** Opening DATA block **

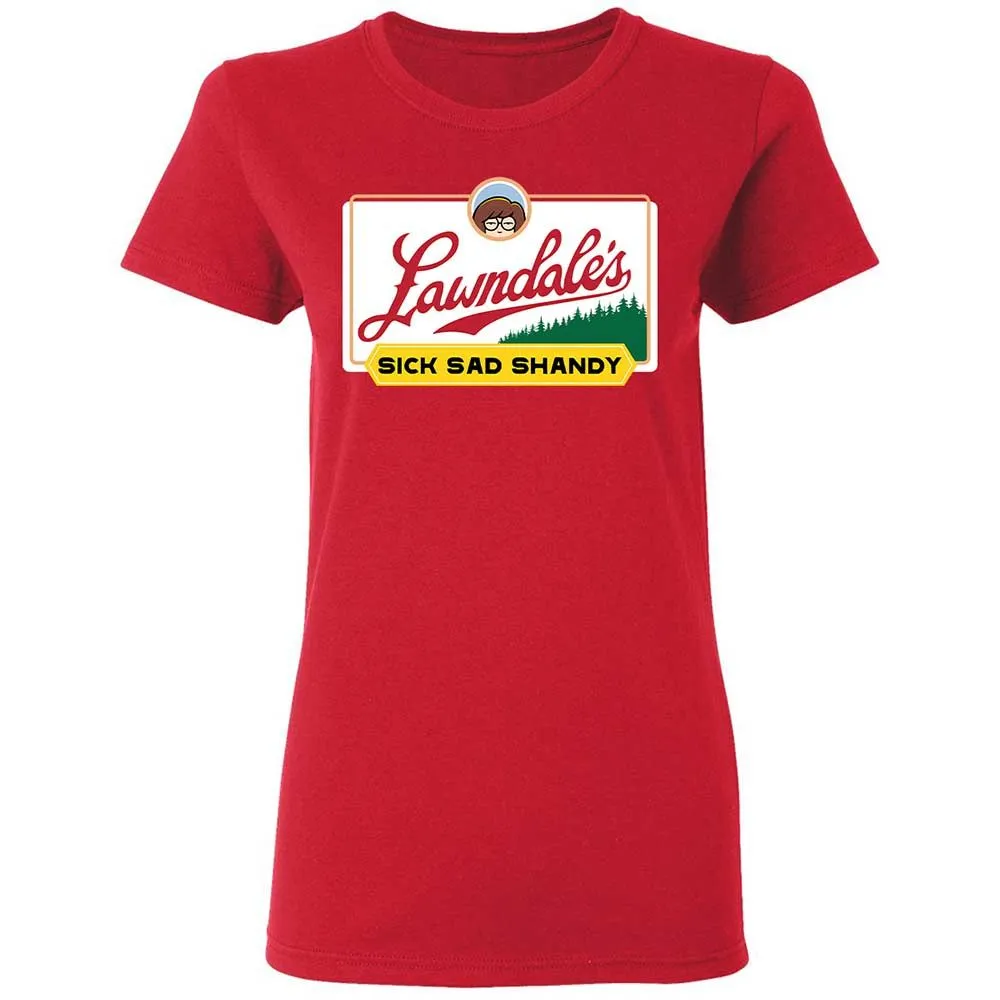 Women's T-Shirt - A9HK5UKK - Red - 9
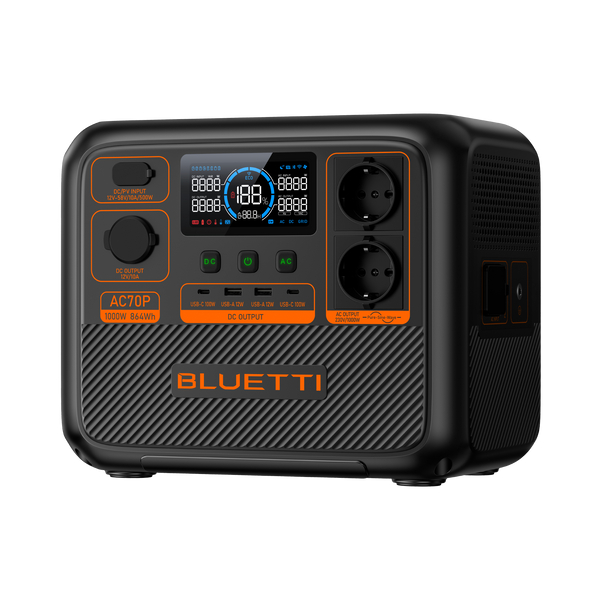 Зарядна станція BLUETTI AC70P AC70P фото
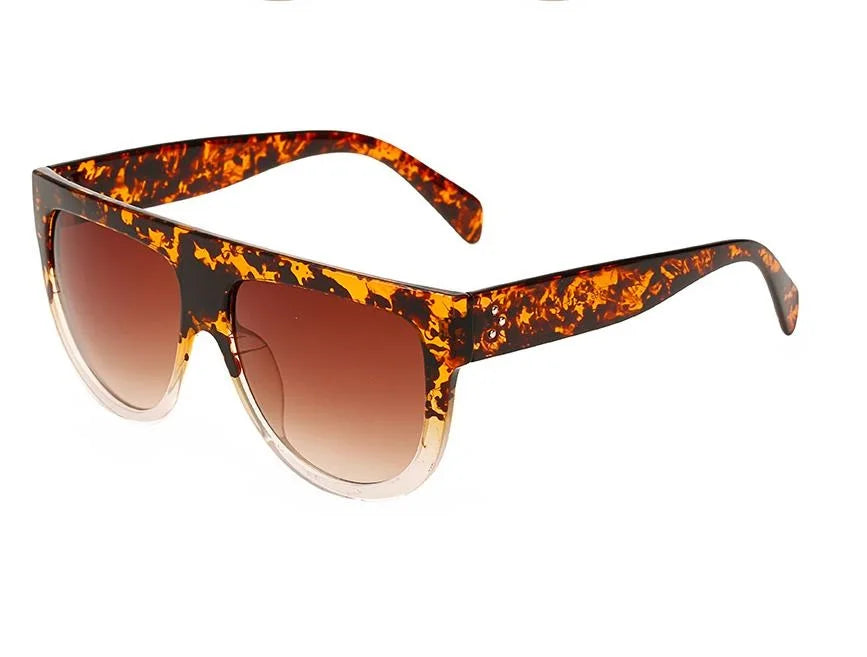 Black leopard Trendy UV400 Eyewear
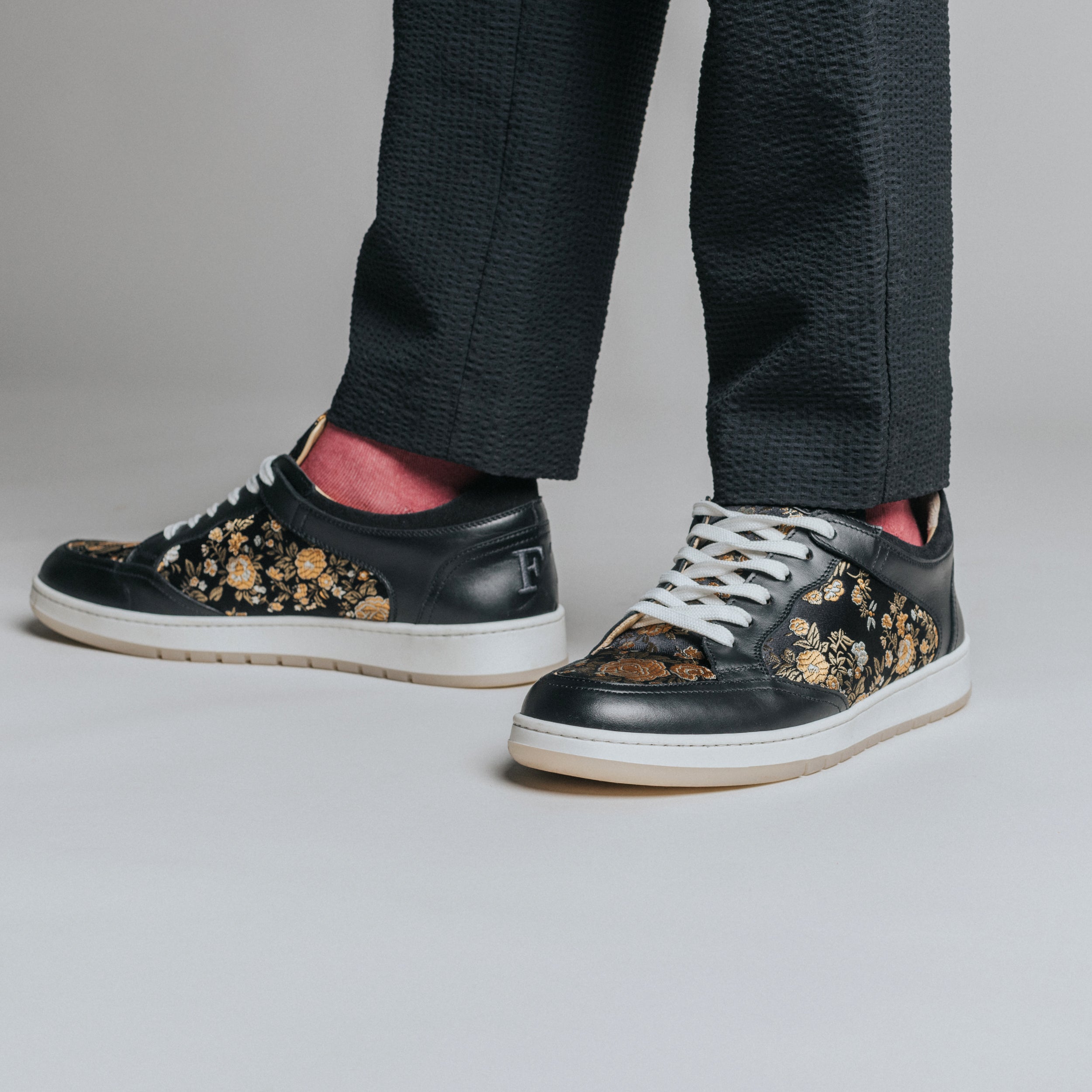 The Rapido Low Sneaker in Eden Noir 3 The Rapido Low Sneaker in Eden Noir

** Closing DATA block **

_TASK BRIEF_. Everything from the line holding "Зарядна станція BLUETTI AC70P AC70P фото" through the last line of the listing should be written out exactly, except for the pictures.

_EXERCISE ANSWER_.
 Зарядна станція BLUETTI AC70P AC70P фото
 Black leopard Trendy UV400 Eyewear
 The Rapido Low Sneaker in Eden Noir 3 The Rapido Low Sneaker in Eden Noir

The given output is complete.